最終更新日 2021年8月10日
撮影時期:昭和22年(1947)7月4日
所蔵:長岡市立千手小学校 カラー化:渡邉英徳
白線を左右に動かすと白黒とカラーを見比べることができます
多彩な服装 緊張の面持ち
1945年8月1日の長岡空襲やその前後の白黒写真をカラー化する長岡市などの取り組みで、47年に撮影された千手小学校2年6組の集合写真の彩色が完成した。人工知能(AI)の活用と当時の児童3人の聞き取りで、実際に近い色合いを目指した。女の子の服装の多彩さや緊張気味の表情がより鮮明になった。物資の不足などは続いていたが、3人は「みんなと一緒に学校に行けることがうれしかった」と懐かしんだ。
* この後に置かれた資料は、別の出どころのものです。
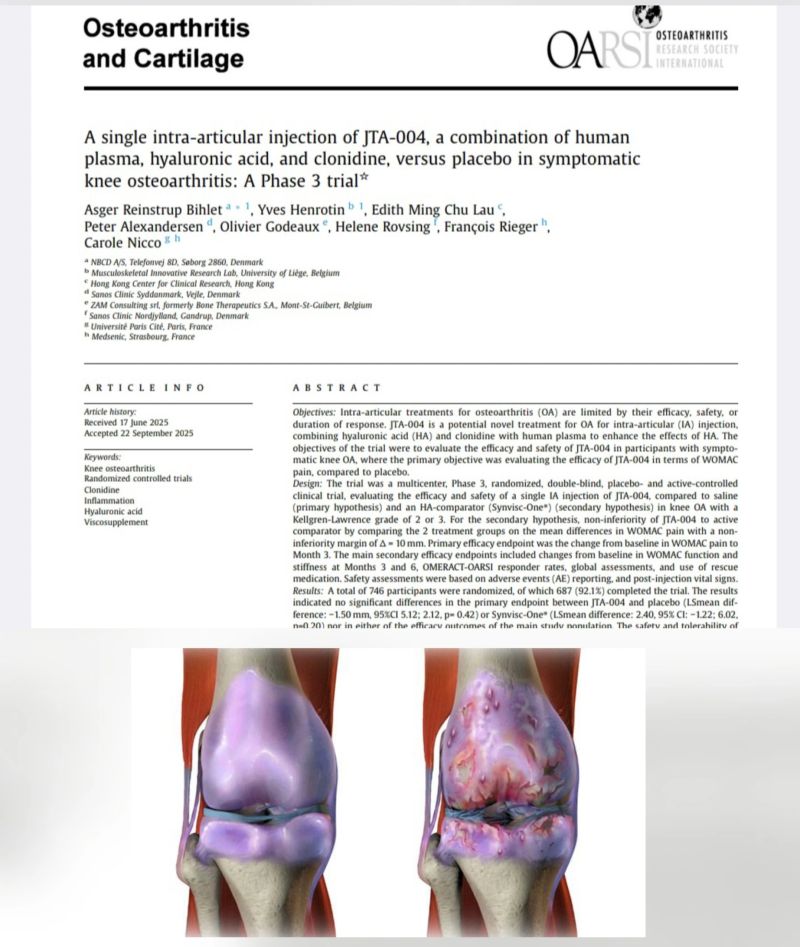 bpc 157 acl surgery Corrective ACL Surgery and Meniscus 3 Tear, this time with BPC-157 and TB-500 : r/ACL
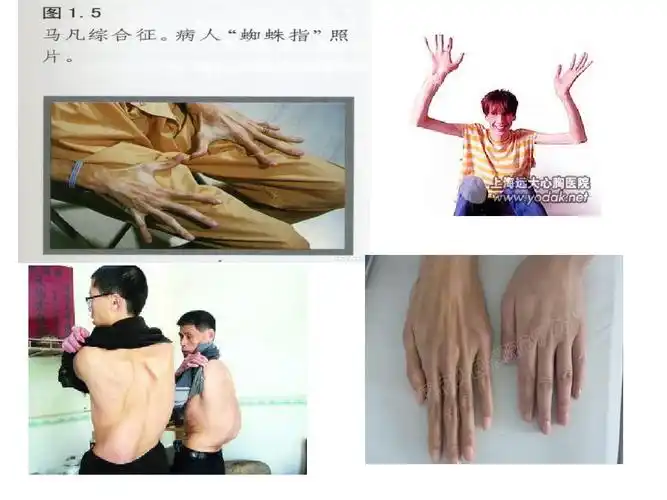 马凡氏综合症护理查房ppt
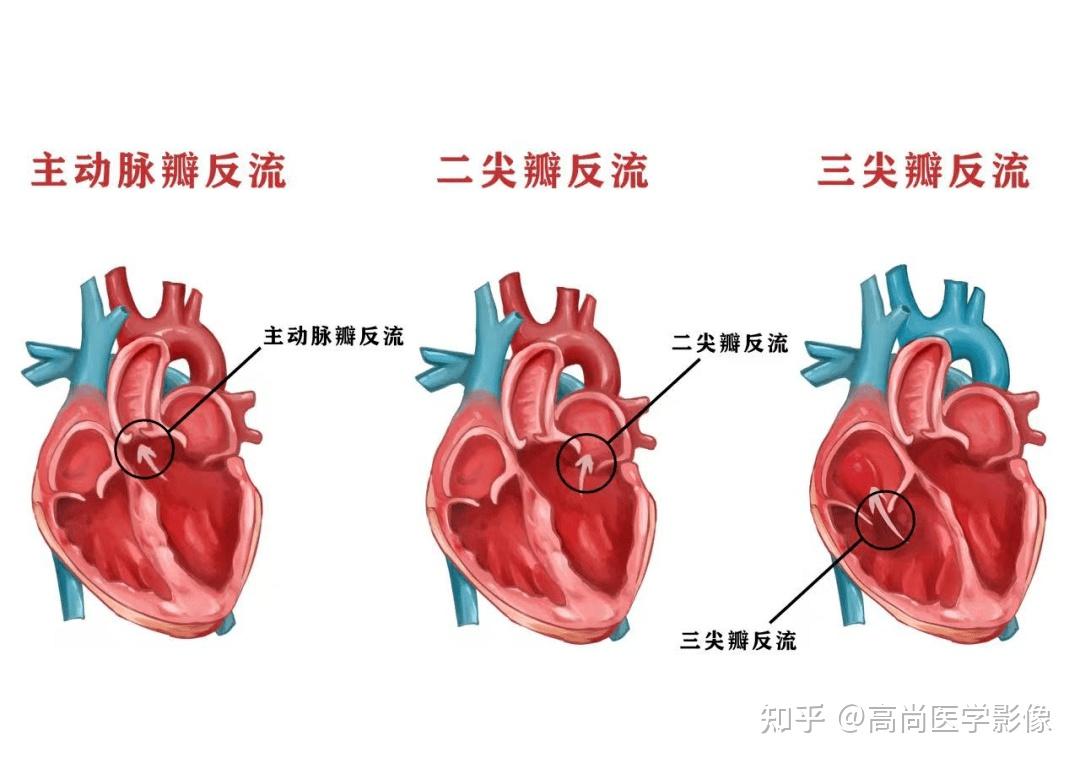 心臟二尖瓣三尖瓣輕度反流是怎麼回事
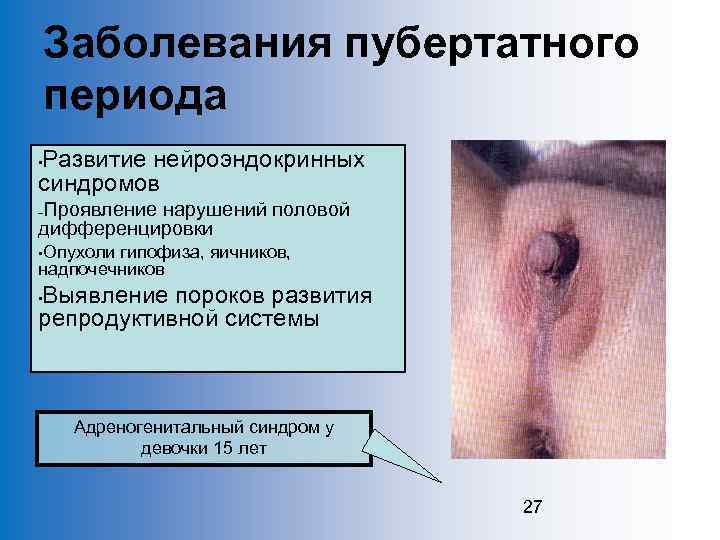 Заболевания пубертатного периода Развитие нейроэндокринных синдромов • Проявление нарушений половой дифференцировки – • Опухоли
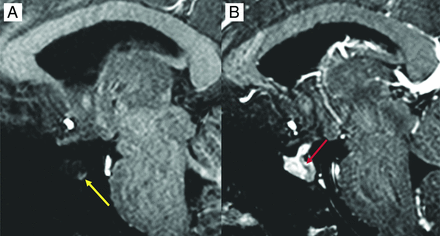 FIG 1.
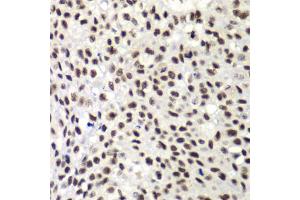 Immunohistochemistry of paraffin-embedded human lung cancer using NELFE antibody (ABIN6289947) at dilution of 1:100 (40x lens). (RDBP 抗体)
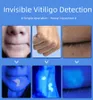 スキンアナライザーマシン用スチーマーウッズランプ紫外線UV試験ビューティーテスト拡大分析vitiligo 230609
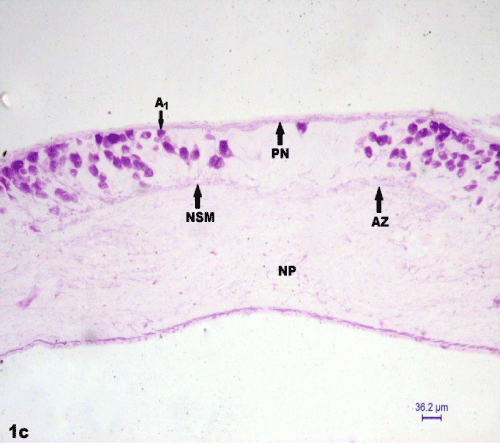 distribution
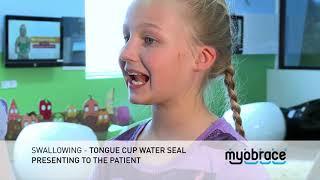 G3 Swallowing   Tongue Cup Water Seal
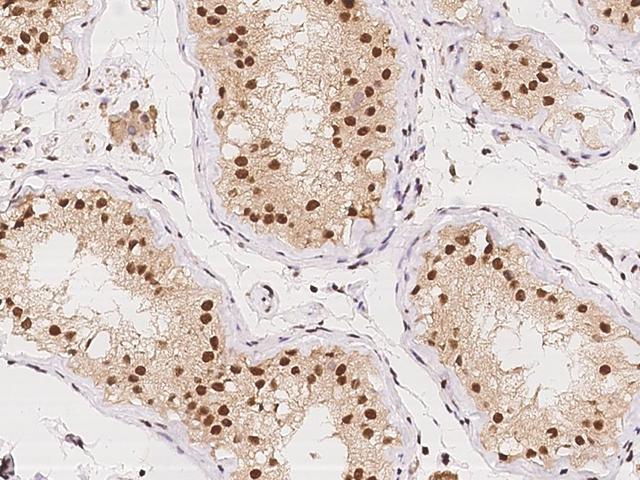 TMEM49 Antibody - Immunochemical staining of human VMP1 in human testis with rabbit polyclonal antibody at 1:500 dilution, formalin-fixed paraffin embedded sections.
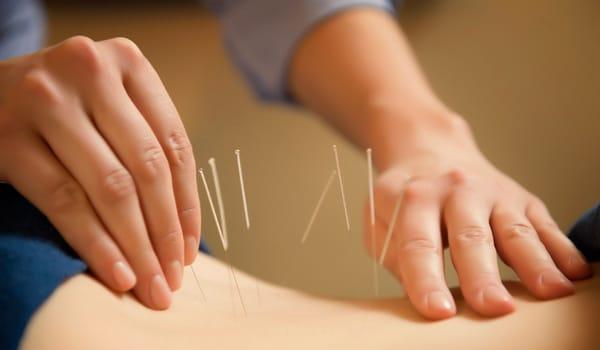 Enjoy acupuncture today!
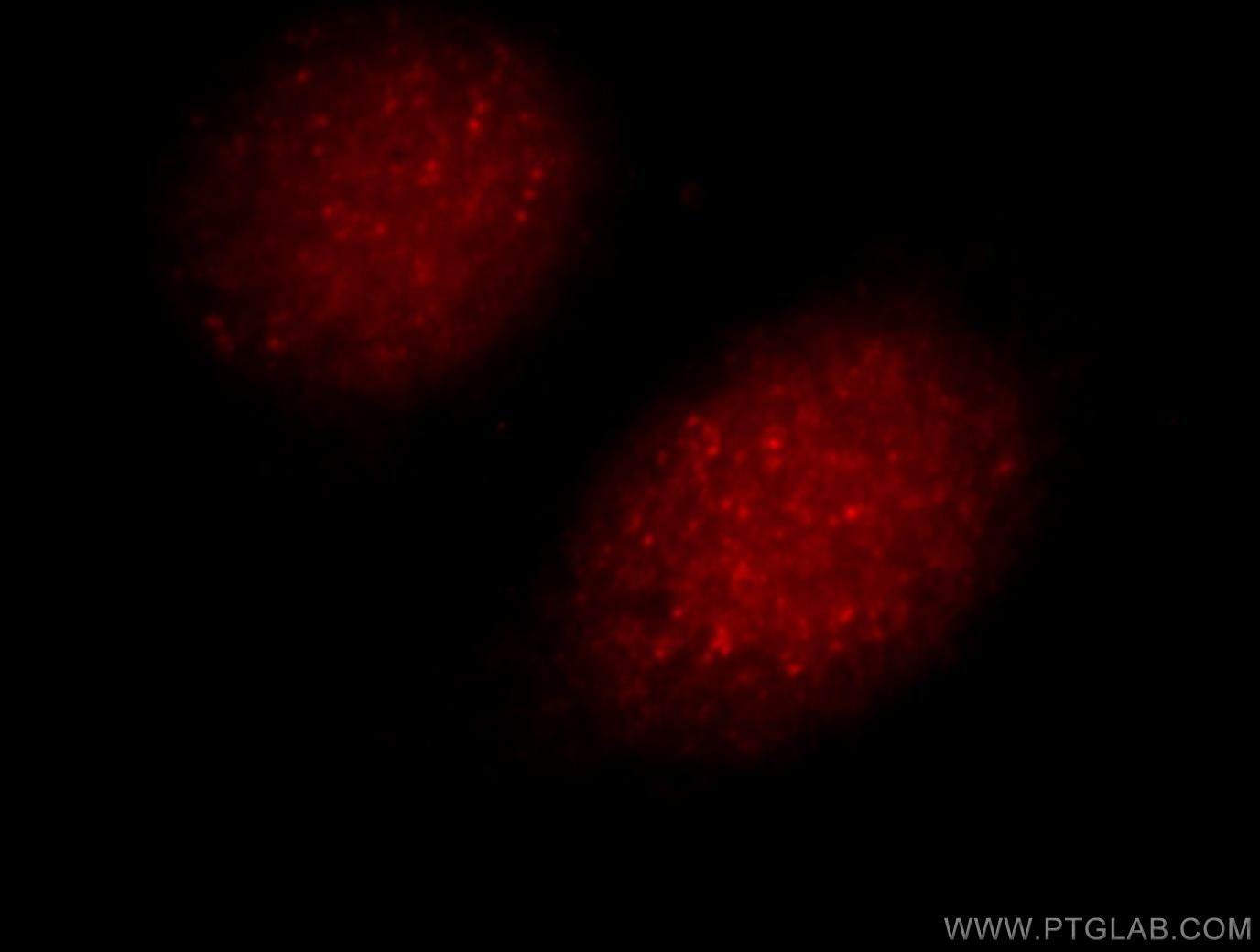 Immunofluorescence (IF) / fluorescent staining of HeLa cells using UIMC1 Polyclonal antibody (13642-1-AP)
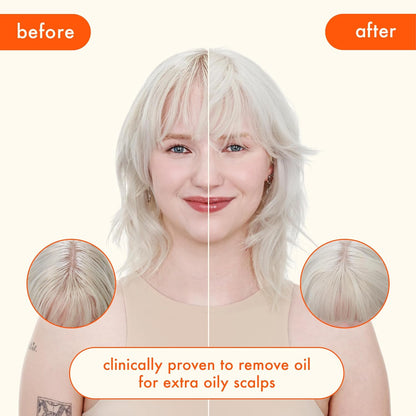 before and after showing less oily hair and scalp. clinically proven to remove oil for extra oily scalps.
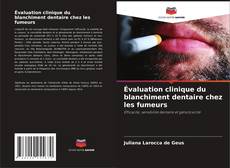 Portada del libro de Évaluation clinique du blanchiment dentaire chez les fumeurs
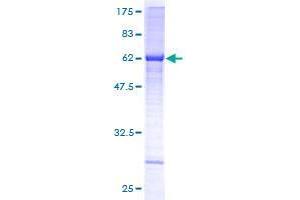 Image no. 1 for Asparagine-Linked Glycosylation 5, Dolichyl-Phosphate beta-Glucosyltransferase Homolog (S. Cerevisiae) (ALG5) (AA 1-324) protein (GST tag) (ABIN1344879)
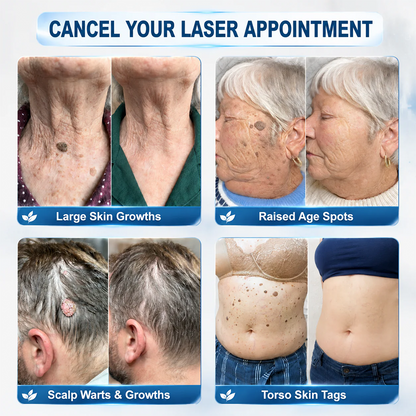 😍💖Evolvion® 𝟕-𝐃𝒂𝘆 𝐒𝗸𝐢𝐧 𝐓𝒂𝗴 & 𝐒𝐩𝙤𝐭 𝐄𝐫𝒂𝐬𝙚𝐫 Painless & Scar-Free Advanced Imperfection Remova𝗜 Ro𝗜𝗜erba𝗜𝗜 Pen 🌿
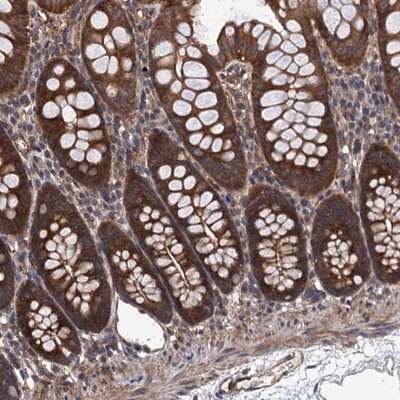 <b>Independent Antibodies Validation. </b>Immunohistochemistry-Paraffin: PPP4R1 Antibody [NBP1-87241] - Staining of human colon shows strong cytoplasmic positivity in glandular cells.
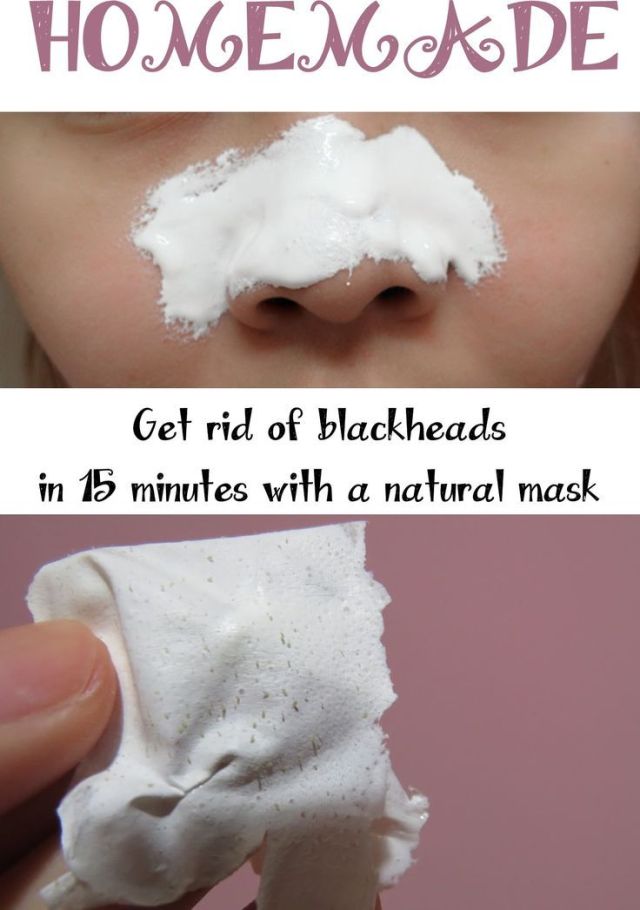 Get Rid Of Blackheads In 15 Minutes With A Natural Mask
長岡空襲では、米軍による無差別爆撃で市街地の8割が焼失し、前月の「模擬原爆」の被害と合わせ、1488人が亡くなった。千手町1(現千手2)の千手国民学校も焼けた。創立100周年の記念誌によると、児童1237人のうち96%が被災し、18人が犠牲となった。
聞き取りに協力したのは、いずれも長岡市の今泉恭子さん(81)、今泉重夫さん(82)、大橋操さん(82)。3人も空襲で住まいを失った。
校舎を新設し、千手小として再開された後の写真では、兄のお古が多かったという男児とは対照的に、古着などを仕立てた女児の服装は色や柄が豊富だ。恭子さんの花柄でピンクのワンピースは、疎開先で叔母がカーテンを使って作ってくれた。他に着る服がなかったため、色合いを含めて記憶に残っていた。
授業でイナゴを捕まえて売り、学用品購入の足しにしたこともあった。恭子さんは「とにかく物がなかった。こういう時代もあったと若い人にも写真を見て分かってほしい」と語る。
学校では屋内外問わず素足が普通だった。校舎の入り口には足の洗い場もあった。重夫さんは「廊下はよく水でグショグショになっていた」と振り返る。勉強の記憶は乏しいが、野球、チャンバラ、鉛拾いと遊びの思い出は尽きない。「友達ができるのが何よりうれしかった」と実感を込める。
写真に写る児童は54人。大橋さんは、級友や担任の先生の印象をよく覚えている。「みんな(境遇が)一緒だったから、仲が良かった気がする。分け隔てがなくてね」と思い返す。焼けた自宅跡からは46本の焼夷(しょうい)弾の筒が見つかったが、親子3人とも無事だった。家族がいる、友達がいる幸せをかみしめた。